I have been meaning to read Honey, the Dog Who Saved Abe Lincoln for awhile now. I had the reader copy and saw it in various places around the store once it came out a year ago. But it was not until a chance (or more actually blind) grab at a pile of reader copies in the page by the desk that it came out and the rule was, “Read what you grab.”
Shari Swanson bases her story of Abe Lincoln as a boy on sources that came directly from a friend of Lincoln’s from Kentucky (there is an afterwards that explains this and other facts about the man would be president). The story, while being about Lincoln could be about any young boy who liked animals or who was easily distracted by the wonders of the world around him (no matter how many times he had seen them). A chance meeting with an injured dog has Abe being late picking up the grain from the local mill. This is because Abe cares for the dog he will name Honey. A dog that played and went on all of Abe’s adventures. Including the one where Abe is trapped in a cave. An afterwards and timeline add to the historical aspects of the story.
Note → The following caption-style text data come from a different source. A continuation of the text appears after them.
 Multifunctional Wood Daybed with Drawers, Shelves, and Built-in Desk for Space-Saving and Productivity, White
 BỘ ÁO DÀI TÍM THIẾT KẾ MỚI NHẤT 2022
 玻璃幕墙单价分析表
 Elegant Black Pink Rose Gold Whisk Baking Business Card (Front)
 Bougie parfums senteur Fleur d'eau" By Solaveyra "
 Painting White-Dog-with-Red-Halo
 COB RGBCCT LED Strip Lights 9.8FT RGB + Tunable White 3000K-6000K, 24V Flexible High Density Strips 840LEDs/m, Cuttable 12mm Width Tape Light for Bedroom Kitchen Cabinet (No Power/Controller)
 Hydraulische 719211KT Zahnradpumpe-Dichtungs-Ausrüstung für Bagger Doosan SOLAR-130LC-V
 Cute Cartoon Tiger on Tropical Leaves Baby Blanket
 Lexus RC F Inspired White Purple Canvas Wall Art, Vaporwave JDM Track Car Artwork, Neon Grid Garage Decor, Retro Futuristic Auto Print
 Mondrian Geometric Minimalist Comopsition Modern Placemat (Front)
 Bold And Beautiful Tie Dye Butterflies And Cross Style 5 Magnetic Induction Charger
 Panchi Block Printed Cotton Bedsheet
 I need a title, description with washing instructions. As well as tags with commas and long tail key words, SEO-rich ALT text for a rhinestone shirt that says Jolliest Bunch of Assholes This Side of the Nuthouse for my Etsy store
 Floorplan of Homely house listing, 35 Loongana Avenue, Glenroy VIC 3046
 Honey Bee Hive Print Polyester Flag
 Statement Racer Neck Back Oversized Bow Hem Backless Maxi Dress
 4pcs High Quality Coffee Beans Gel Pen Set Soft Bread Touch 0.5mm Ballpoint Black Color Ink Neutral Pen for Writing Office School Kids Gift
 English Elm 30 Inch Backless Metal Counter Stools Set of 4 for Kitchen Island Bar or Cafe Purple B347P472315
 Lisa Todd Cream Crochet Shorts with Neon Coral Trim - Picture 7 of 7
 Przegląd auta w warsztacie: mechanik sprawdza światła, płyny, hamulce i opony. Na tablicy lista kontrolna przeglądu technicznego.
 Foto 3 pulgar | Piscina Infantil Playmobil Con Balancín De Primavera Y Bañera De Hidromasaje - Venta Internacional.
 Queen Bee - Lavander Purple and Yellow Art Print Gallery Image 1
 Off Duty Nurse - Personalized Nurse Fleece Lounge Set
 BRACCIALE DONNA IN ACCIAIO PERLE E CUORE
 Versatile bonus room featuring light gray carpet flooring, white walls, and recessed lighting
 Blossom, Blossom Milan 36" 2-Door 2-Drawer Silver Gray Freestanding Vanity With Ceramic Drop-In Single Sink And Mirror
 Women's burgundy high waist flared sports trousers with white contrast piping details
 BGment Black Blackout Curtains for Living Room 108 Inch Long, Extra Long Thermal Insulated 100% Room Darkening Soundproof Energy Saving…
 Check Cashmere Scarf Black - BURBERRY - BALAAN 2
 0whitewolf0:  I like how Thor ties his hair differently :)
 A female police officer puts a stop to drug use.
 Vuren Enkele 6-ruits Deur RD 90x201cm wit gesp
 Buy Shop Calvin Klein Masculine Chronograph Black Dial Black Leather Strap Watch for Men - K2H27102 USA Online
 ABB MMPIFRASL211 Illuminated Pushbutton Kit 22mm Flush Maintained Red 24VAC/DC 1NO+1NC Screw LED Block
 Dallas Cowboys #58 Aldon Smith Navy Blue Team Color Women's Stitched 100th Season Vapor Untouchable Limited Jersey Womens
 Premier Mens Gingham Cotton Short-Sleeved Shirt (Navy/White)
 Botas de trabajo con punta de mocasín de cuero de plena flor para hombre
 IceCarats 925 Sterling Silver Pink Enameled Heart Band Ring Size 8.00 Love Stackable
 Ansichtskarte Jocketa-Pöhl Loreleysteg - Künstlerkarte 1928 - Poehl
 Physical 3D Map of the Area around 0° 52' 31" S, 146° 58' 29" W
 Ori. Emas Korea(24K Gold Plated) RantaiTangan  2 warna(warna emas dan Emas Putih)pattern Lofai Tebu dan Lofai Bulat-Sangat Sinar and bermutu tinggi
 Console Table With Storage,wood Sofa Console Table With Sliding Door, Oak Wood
Two great lines that come from this part of the story are “Grab your torches” and the fact the miller has to pull out Abe from the place he was stuck even though he had to leave “pieces of his hide behind.” While neither is necessarily pleasant, they are very descriptive and let you know what is going on without a lot of extra tacked on.
That kind of text and the illustrations of Chunk Groenink, together create a biographical fiction story. The details are plentiful, with colors not too bold or too soft. Everything is mixed to give you a classic feel. Perhaps, the story is a bit romanticized, but it is just a story of a boy and his dog regardless of who that boy grows up to be, and has a rescue story that would make Lassie proud!